Like their Palestinian brethren in Judea and Samaria and Gaza, Arabs in Israel have criticized Trump's plan, which proposes a "two-state" solution with land swaps for the decades-long conflict.
Some critics say that allowing Israel to annex Jewish settlements in Judea and Samaria and keeping Palestinians under Israeli security control, renders a viable independent Palestinian state impossible.
On Monday, Palestinian Authority President Mahmoud Abbas dismissed the land swap idea.

"We do not agree at all, in any way, to swap land and residents from Israel to [a future Palestinian state]," he said.
Ayman Odeh, who heads the Joint Arab List faction in the Knesset, said Trump's proposal was "a green light to revoke the citizenship of hundreds of thousands of Palestinian Arab citizens who live in northern Israel."
Feelings also ran high over the weekend in Umm al-Fahm, a town on a hill that looks down into Judea and Samaria.
"I am a Palestinian Arab and a citizen of Israel," said Umm Mahmoud, 42, a housewife from Umm al-Fahm, as she shopped for home supplies.
"I cannot accept being transferred to the West Bank. Although we are the same, we cannot leave our land, lives and traditions.
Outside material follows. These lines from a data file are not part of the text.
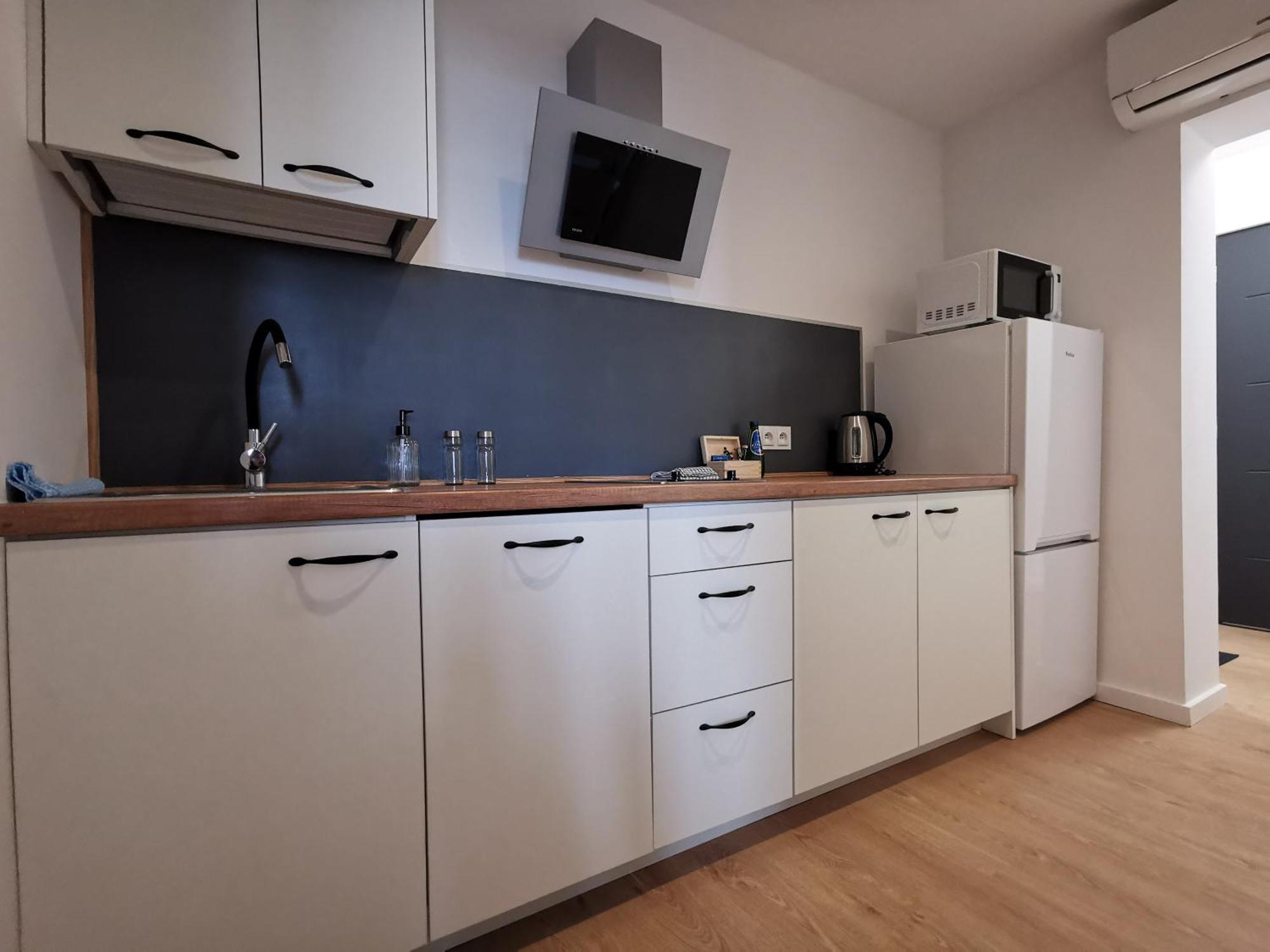 Shortstaypoland Panska Varşovia Cameră foto
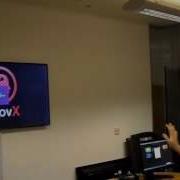 Kinect DBpixelhouse Demo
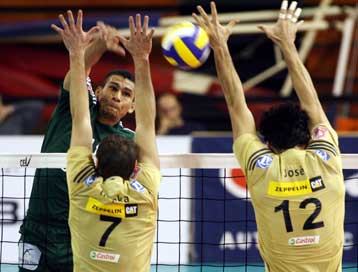 Ευρωπαϊκές υποχρεώσεις για Παναθηναϊκό και Ηρακλή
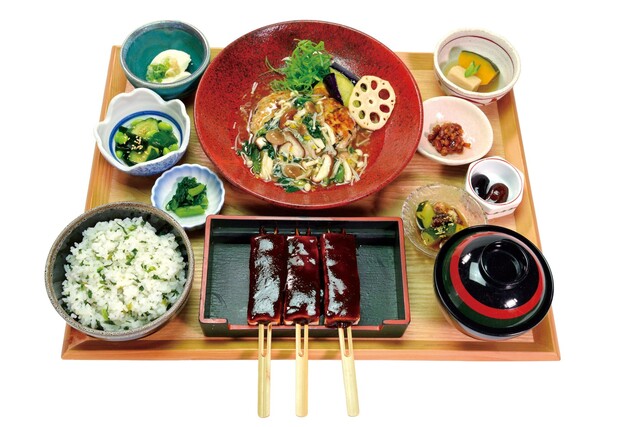 Suzu no Ya Nishiharuten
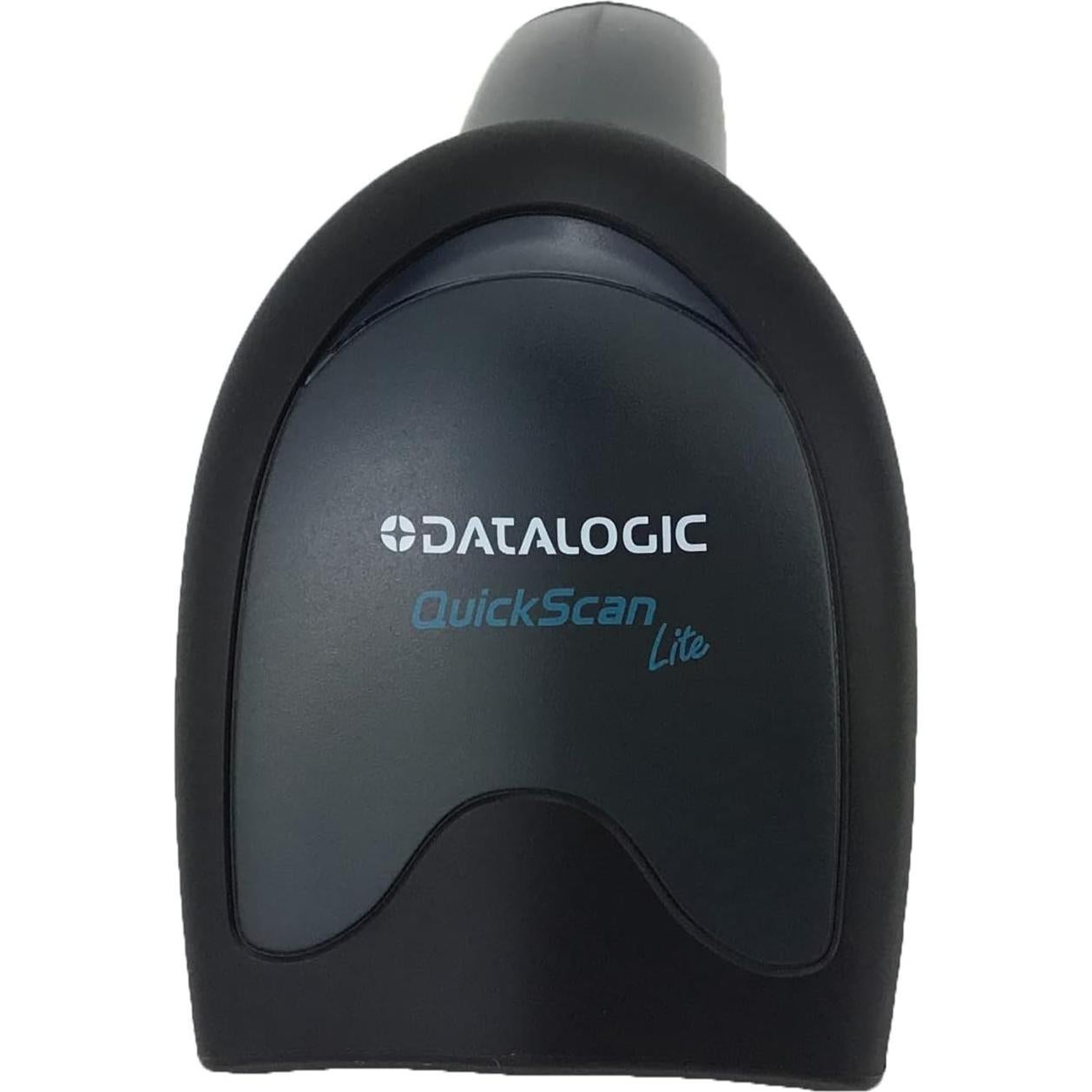 Escáner de Código de Barras Datalogic QuickScan Lite QW2120 USB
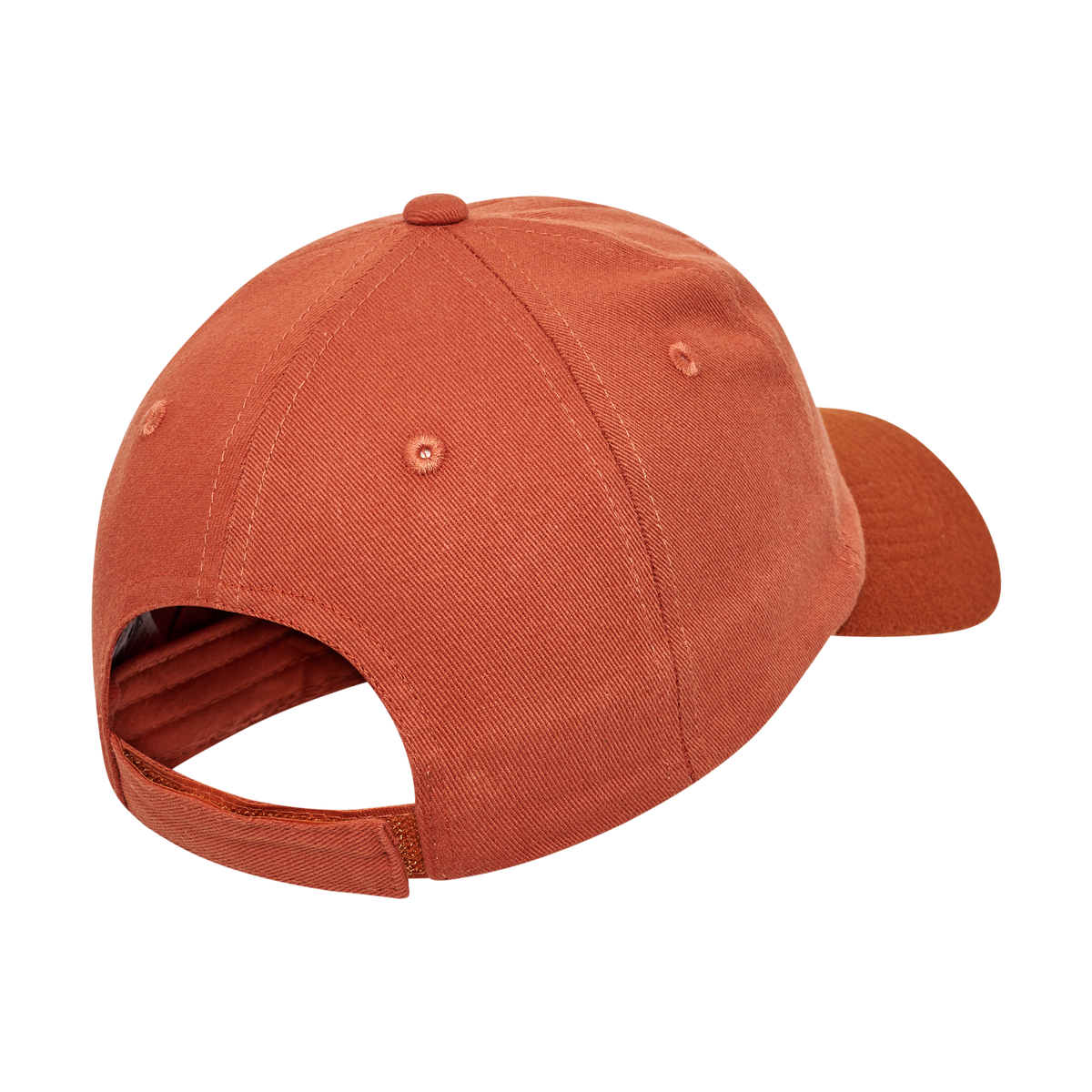 hummel H Baseball Cap-2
Although they [West Bank Palestinians] are our family, it is not possible," she said.
The Trump plan said land swaps could include both populated and unpopulated areas and redrawing the borders of Israel so that the so-called "Triangle Communities" in Wadi Ara become part of a future Palestinian state.

David Friedman, the Trump-appointed US Ambassador to Israel who was closely involved in the framing of the plan, denied that residents of Arab towns in Israel would lose citizenship if they eventually fell under Palestinian jurisdiction.
"No one is being stripped of citizenship. We don't propose that," he told reporters last Wednesday.
Some Israeli government officials have privately voiced reservations about the idea.
"I regard this as a hypothetical matter. This is something the sides can weigh as an option after the plan is implemented," said former IDF chief Gabi Ashkenazi, a senior member of the opposition Blue and White Party.
"We unequivocally regard the [Arab] citizens of Israel as equal citizens," Ashkenazi said.